* Egypt floated its pound currency in November
* Central bank governor says inflationary shock has passed
* Tarek Amer says foreign companies can repatriate profits
* World Bank will disburse $1 billion loan in March
* Central bank to provide $1.5 billion in payments to IOCs
* Amer predicts 30 percent fall in imports bill
(Recasts with second tranche of World Bank loan, adds details
from interview, quotes, background)
CAIRO, Feb 24 Egypt will receive in March the
second $1 billion tranche of a $3 billion World Bank loan aimed
at supporting a government economic reform programme, Central
Bank Governor Tarek Amer said late on Friday.
The country has been negotiating billions of dollars in aid
from various lenders to revive an economy hit by political
upheaval since a 2011 revolt and to ease a dollar shortage that
has crippled imports and hampered its recovery.

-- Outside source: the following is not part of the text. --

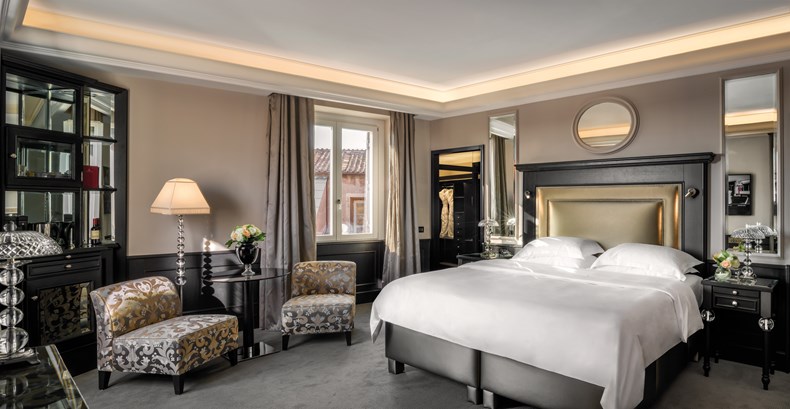 Hassler Roma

Facing a gaping budget deficit, Egypt began a series of
painful economic reforms and has been taking steps to loosen
capital controls, end energy subsidies, reform public
enterprises and overhaul monetary policy.
The central bank floated the Egyptian pound in November to
attract foreign capital, and the currency has weakened from 8.8
pounds to the U.S. dollar to roughly 20 pounds in December but
rallied to around 16 pounds this week.
Prices have skyrocketed as Egypt depends heavily on imports.

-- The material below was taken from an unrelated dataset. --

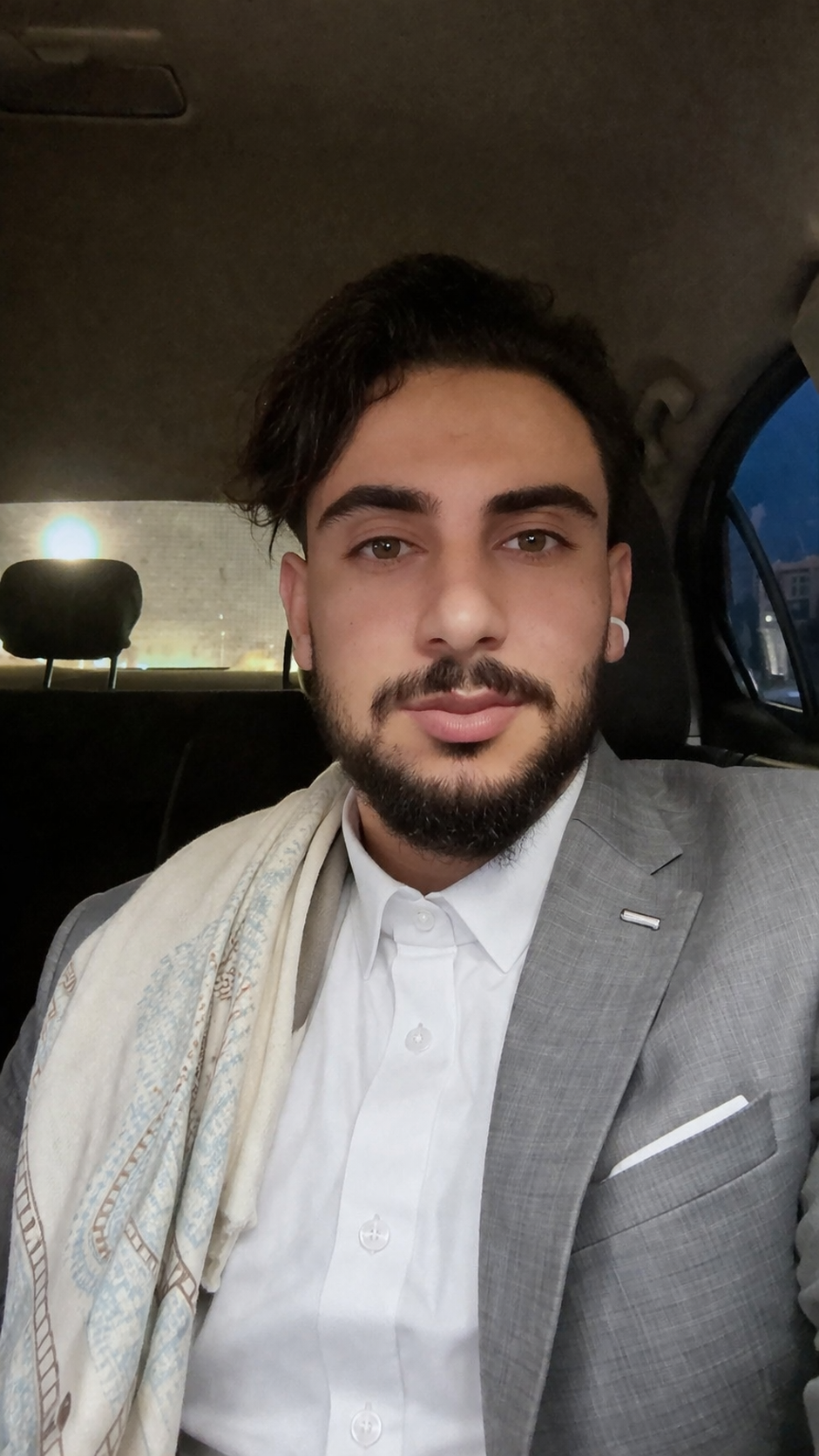 Amgad alhimam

Core inflation soared to the highest in over a decade, hitting
30.86 percent in January.
"The inflationary shock has happened; liberalising the
exchange rate will not have an effect on inflation again," Amer
told local channel DMC in a televised interview.

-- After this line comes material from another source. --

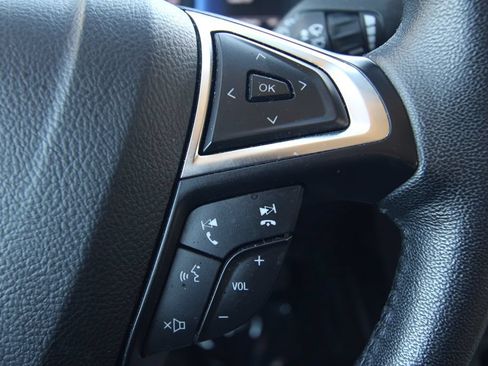 Used 2024 Ford Edge SEL AWD/4WD image 21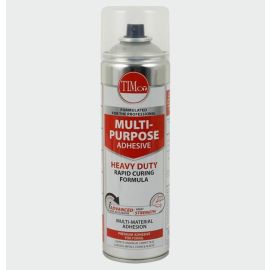 Multi-Purpose Adhesive-Spray 500ml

He sought to paint a positive image of the float, saying it
allowed the central bank to provide $1.5 billion for payments to
international oil companies this year. Egypt imports $1 billion
worth of fuel every month, he said.
Enough dollars, $13.5 billion, have flowed into local banks
since November, allowing them to let foreign companies
repatriate profits, Amer said, something they were unable to do
for the past few years.
Egypt had roughly $36 billion in reserves before an uprising
in 2011 ushered in a period of political turmoil, scaring away
tourists and foreign investors, key sources of hard currency.
Reserves were almost halved by September but have been
building up ever since the float, which helped Egypt clinch a
$12 billion three-year loan from the International Monetary
Fund, and were at $$26.363 billion by the end of January.
Amer expects foreign debt to reach $60 billion by June 2017.
It stood at $55.76 billion in June 2016. Egypt has imported
goods worth some $15 billion since the float, he said, but
estimated that imports would fall 30 percent this year.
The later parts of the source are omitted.